> _Required work_
An acceptable answer repeats exactly the line containing "Gareth Malone’s How" and all lines that follow it in the listing below, and it includes no pictures.

Data provided Block Start

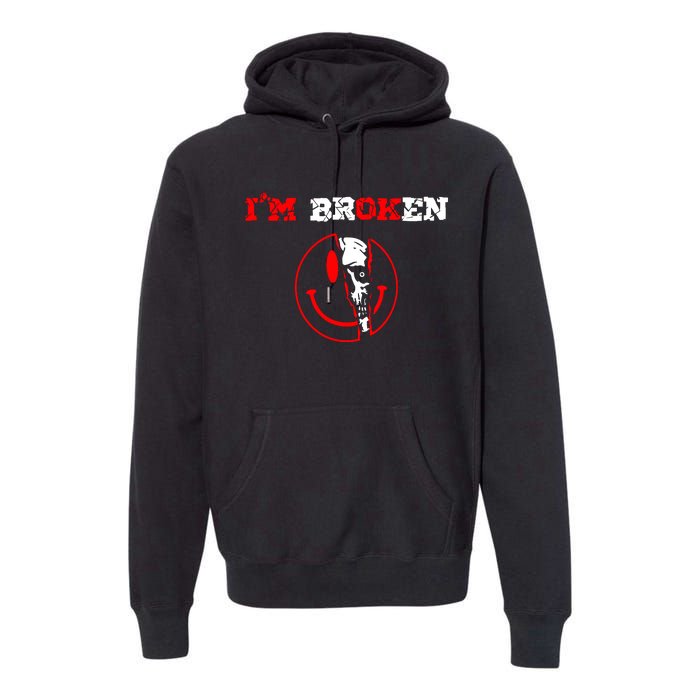 Confused Smile IM Broken Invisible Illness IM Ok Broken Premium Hoodie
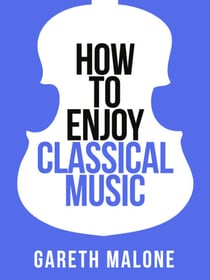 Gareth Malone’s How To Enjoy Classical Music - HCNF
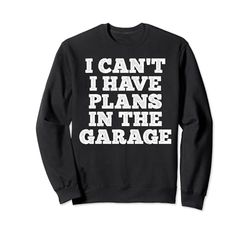 I Can't I Have Plans In The Garage Car Mechanic Father's Day Felpa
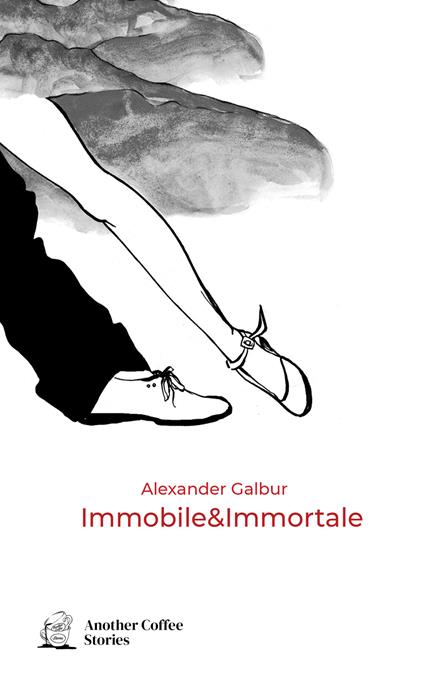 Immobile & immortale - Alexander Galbur - copertina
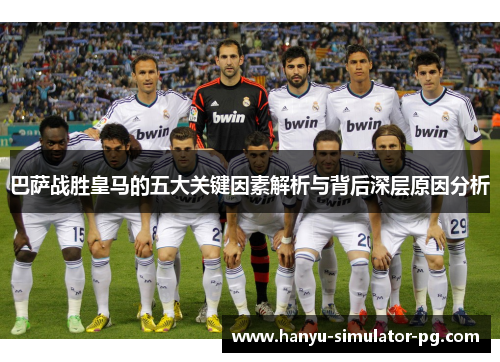 巴萨战胜皇马的五大关键因素解析与背后深层原因分析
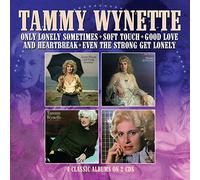 Wynette, Tammy - Only Lonely Sometimes / Soft Touch / Good Love And Heartbreak / Even The Strong Get Lonely (2CD)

Data provided Block End

> _Response box_
 Gareth Malone’s How To Enjoy Classical Music - HCNF
 I Can't I Have Plans In The Garage Car Mechanic Father's Day Felpa
 Immobile & immortale - Alexander Galbur - copertina
 巴萨战胜皇马的五大关键因素解析与背后深层原因分析
 Wynette, Tammy - Only Lonely Sometimes / Soft Touch / Good Love And Heartbreak / Even The Strong Get Lonely (2CD)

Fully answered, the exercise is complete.